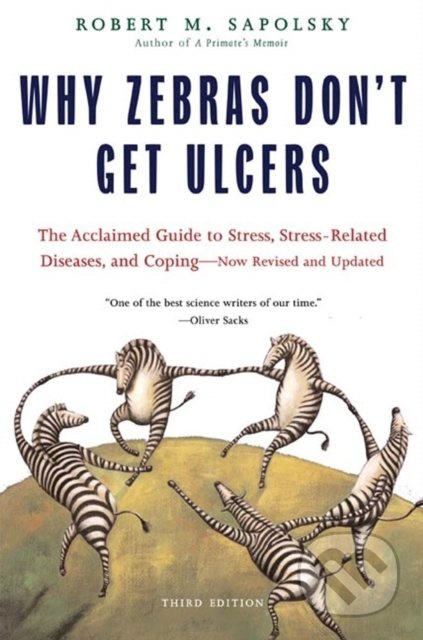Why Zebras Don't Get Ulcers - Robert M. Sapolsky - kniha z kategorie Psychologie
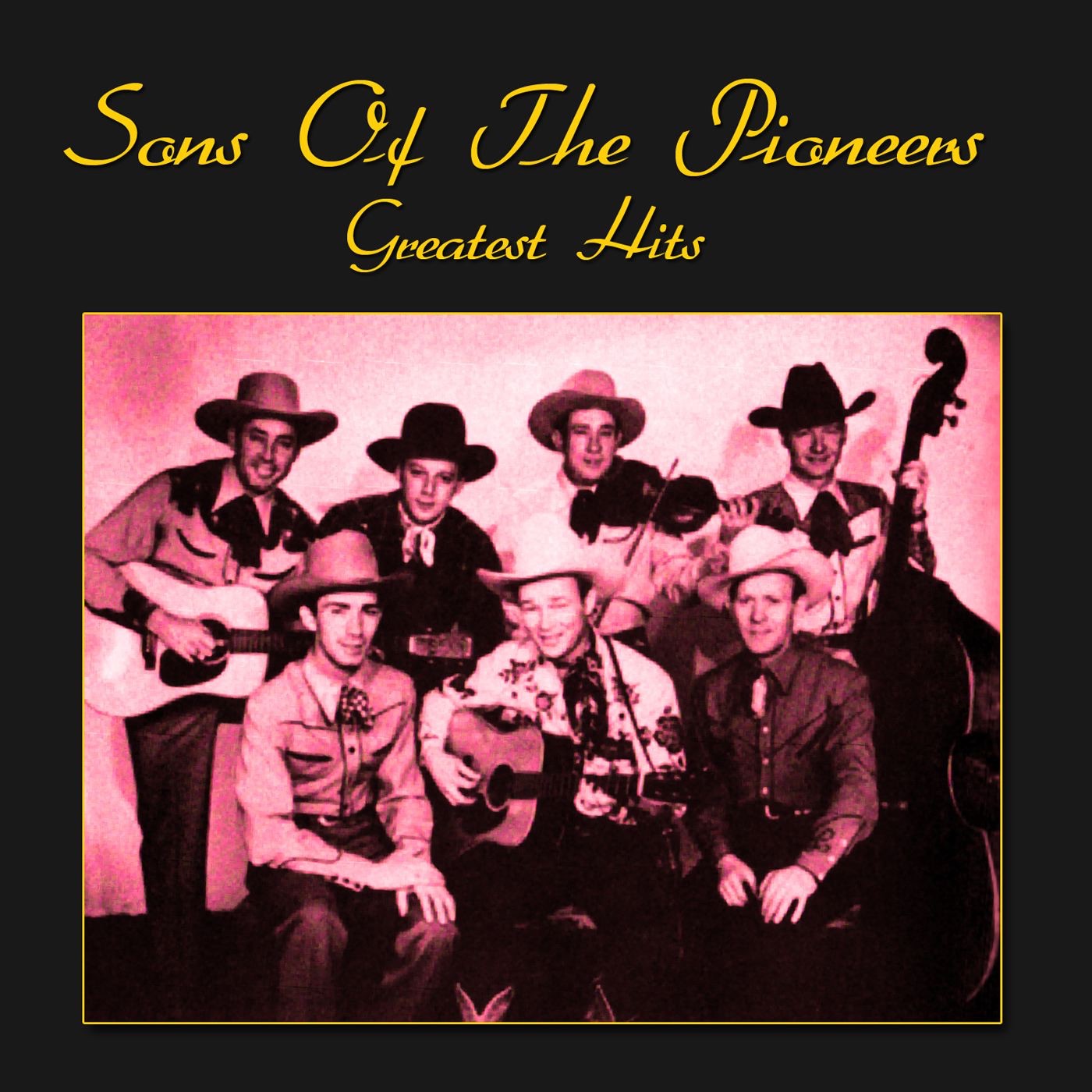 The Sons of the Pioneers: Greatest Hits
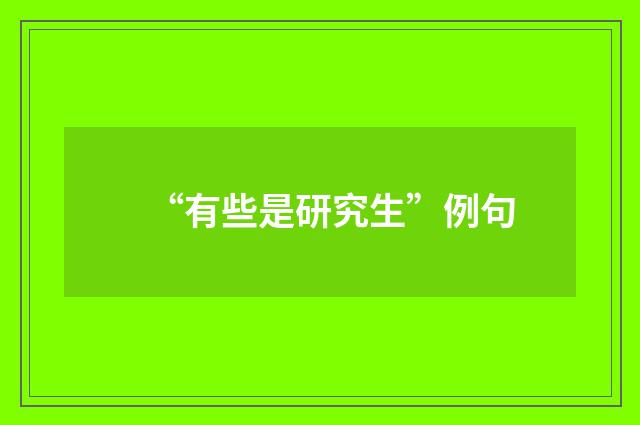 “有些是研究生”例句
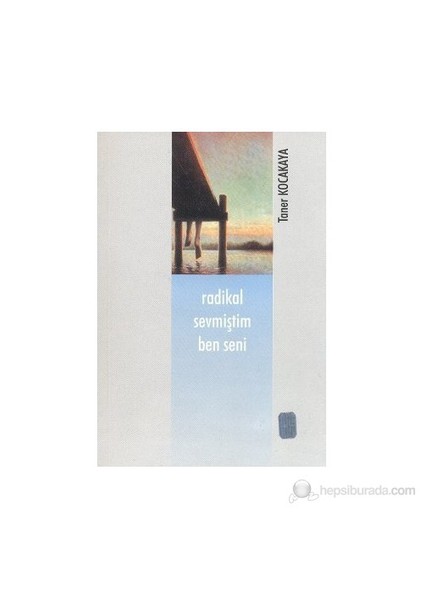 Radikal Sevmiştim Ben Seni-Taner Kocakaya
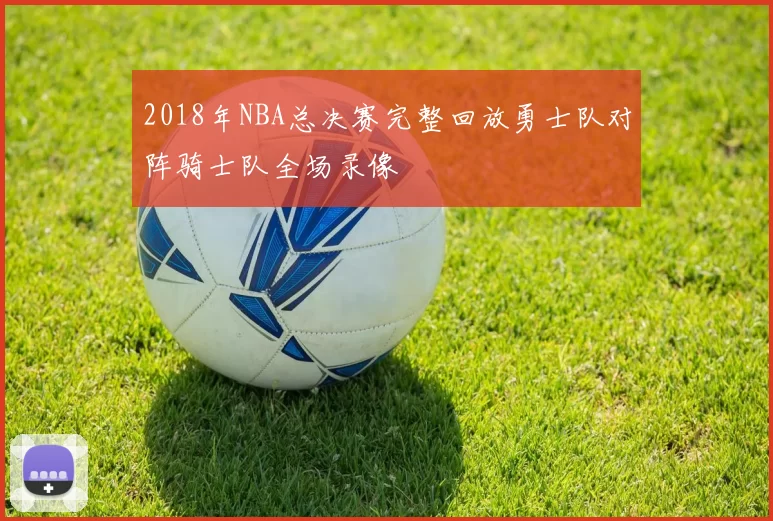 2018年NBA总决赛完整回放勇士队对阵骑士队全场录像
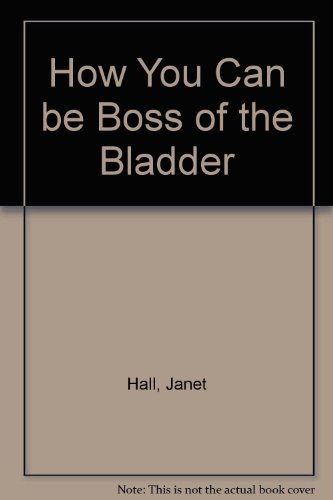 How You Can be Boss of the Bladder (9780731676736) by Dr. Janet Hall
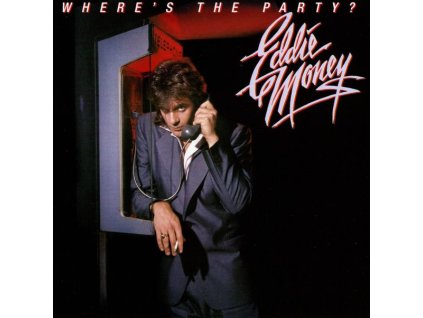 Eddie Money - Where's The Party? (Collector's Edition) (Remastered & Reloaded) (CD)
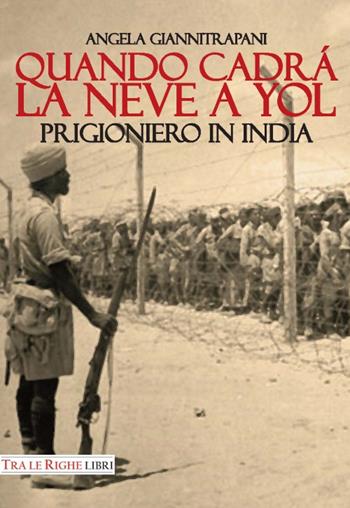 Quando cadrà la neve a Yol. Prigioniero in India - Angela Giannitrapani - Libro Tra le righe libri 2016 | Libraccio.it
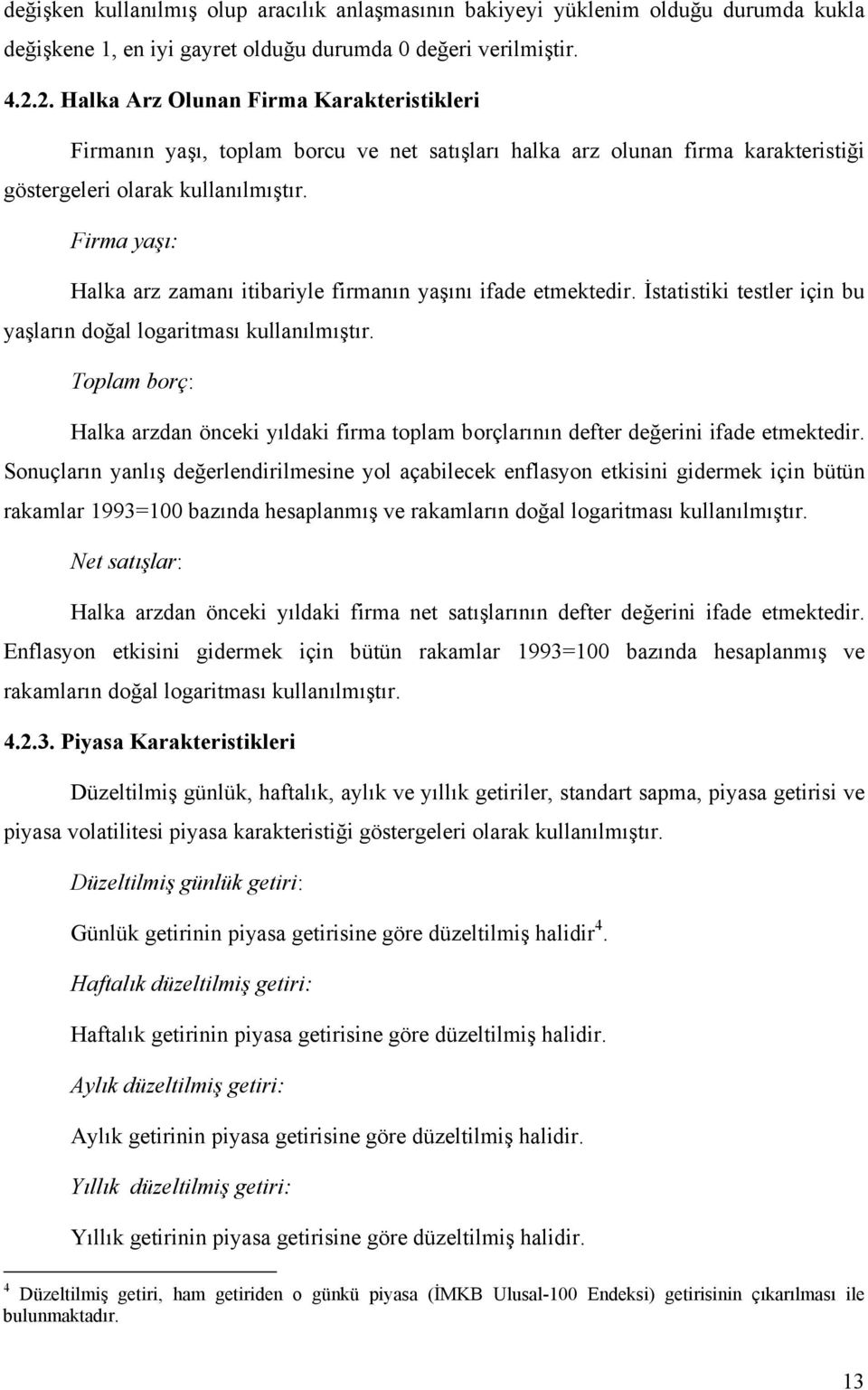 Firma yaşı: Halka arz zamanı itibariyle firmanın yaşını ifade etmektedir. İstatistiki testler için bu yaşların doğal logaritması kullanılmıştır.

## WHAT THIS TASK INVOLVES:
Every line above in the stretch from the one with "The Sons of the Pioneers: Greatest Hits" through the one with "Eddie Money - Where's" is to be transcribed exactly, ends included. No picture is copied.

## RESPONSE:
 The Sons of the Pioneers: Greatest Hits
 “有些是研究生”例句
 Radikal Sevmiştim Ben Seni-Taner Kocakaya
 2018年NBA总决赛完整回放勇士队对阵骑士队全场录像
 How You Can be Boss of the Bladder (9780731676736) by Dr. Janet Hall
 Eddie Money - Where's The Party? (Collector's Edition) (Remastered & Reloaded) (CD)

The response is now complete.